If we buy a new car, the value of the car drops rapidly during the first 6 months, and after a year it's probably lost half it's value. I don't feel burned by that purchase, because it is expected.
But, populist anger aside. I think some of the anti-establishment crowd cherry pick their statistics. Consider the argument for wage stagnation against this chart;
The chart from the BusinessInsider article (taken from the St. Louis Fed, who got it from the BEA )was not adjusted for inflation because these are commingled with international profits so whose inflation rate would you choose, and in raw terms, aggregate corporate profits will always be hitting new highs in a growing economy, even one that is sputtering along at 1-3% growth. A better comparison is the profit to GDP ratio. So, yes, more in the 8-9% range compared to national income. I see this as some good news that our economy may not actually crash into depression. I don't know how you'd forecast anything other than record profits, given the downward pressure on wages and commodity costs. But, I've already said that it would be nice if "the 99%" were able to experience more participation in the risks and the rewards.

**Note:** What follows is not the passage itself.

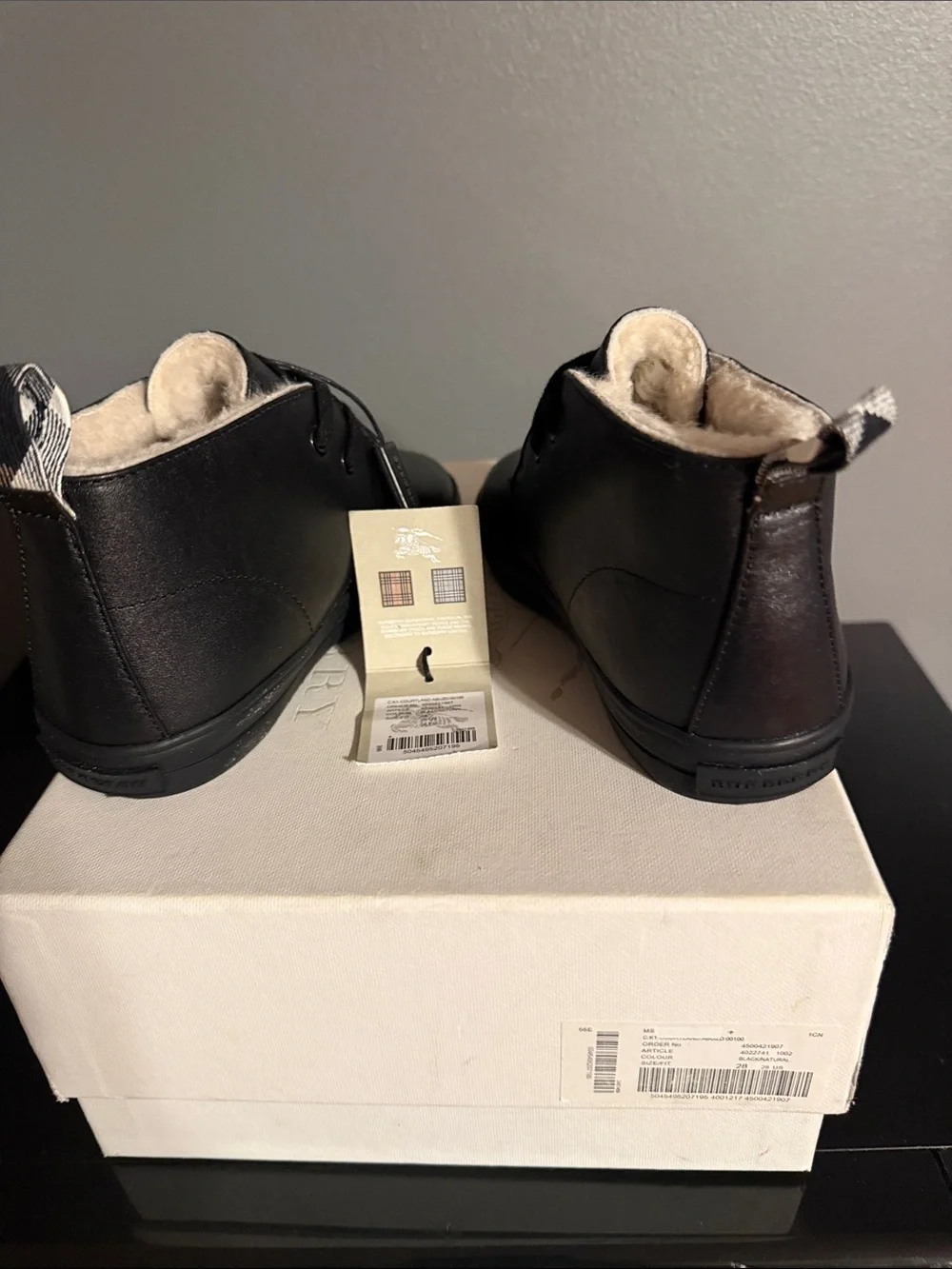 Burberry Black Kids Leather Lace-Up Shoes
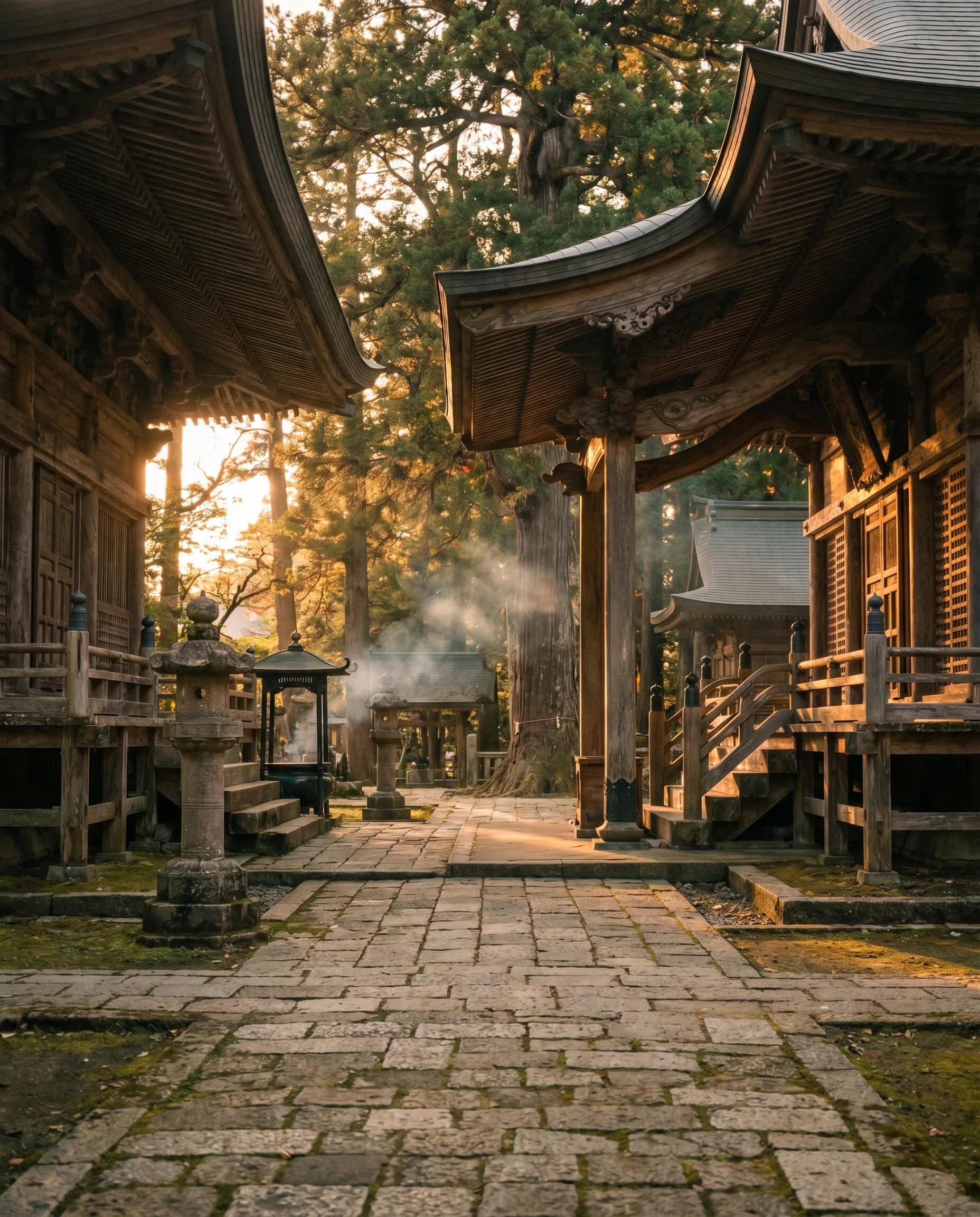 Nearby temple at golden hour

For CEO pay comparisons, you cannot just take the highest paid CEO, and compare that to the lowest paid worker. Here are the government statistics on CEO compensation. Mean annual wage for CEO's = $173,350, while for all occupations (including management) = $44,410. So, not really 350X the average worker. More like, 3.9X, which seems a bit more reasonable. The 2006, the national average household income for those with only high school graduation attainment was $36,835.
When you look at wages as a portion of GDP, you also need to consider GDP per capita which is encapsulated within that graph. In that same 1972 to 2005 period, GDP per capita is 3x higher, meaning that each worker is producing far more than 3x, and more like 6x more than they did in 1972.
When I got to digging into this chart;
I notice that the (slight) lag as a percentage of income is in State and Local taxes (including sales tax). That, and the chart is a bit misleading in that they break down the top quintile into four groups which visually over represents them. If you just look at the salmon colors and the light gray, which represents the progressive federal income tax you see what you'd expect to see. The bottom 20% pay <4%, the top 20% pay > 20%. I'm sure certain wealthy people who exist mostly from investment income pay more like the capital gains tax rate, but taxing capital gains is an involved discussion, as is other rate equity ideas, like removing the yearly cap on SSI tax.